- _Dataset entries_
=== Begin Enclosure ===

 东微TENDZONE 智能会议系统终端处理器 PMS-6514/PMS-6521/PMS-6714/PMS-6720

=== End Enclosure ===
=== Begin Enclosure ===

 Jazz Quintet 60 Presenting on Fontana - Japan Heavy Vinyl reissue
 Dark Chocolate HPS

=== End Enclosure ===
=== Begin Enclosure ===

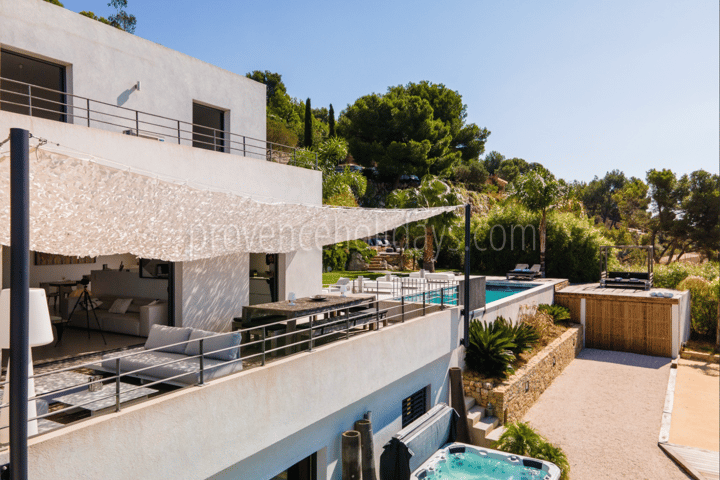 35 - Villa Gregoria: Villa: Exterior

=== End Enclosure ===

- _What you will do_
Copy the lines of the data above exactly as written, beginning with the line containing "Jazz Quintet 60" and ending with the line containing "Dark Chocolate HPS", and leave out all other lines.

- _Reply to the task_
 Jazz Quintet 60 Presenting on Fontana - Japan Heavy Vinyl reissue
 Dark Chocolate HPS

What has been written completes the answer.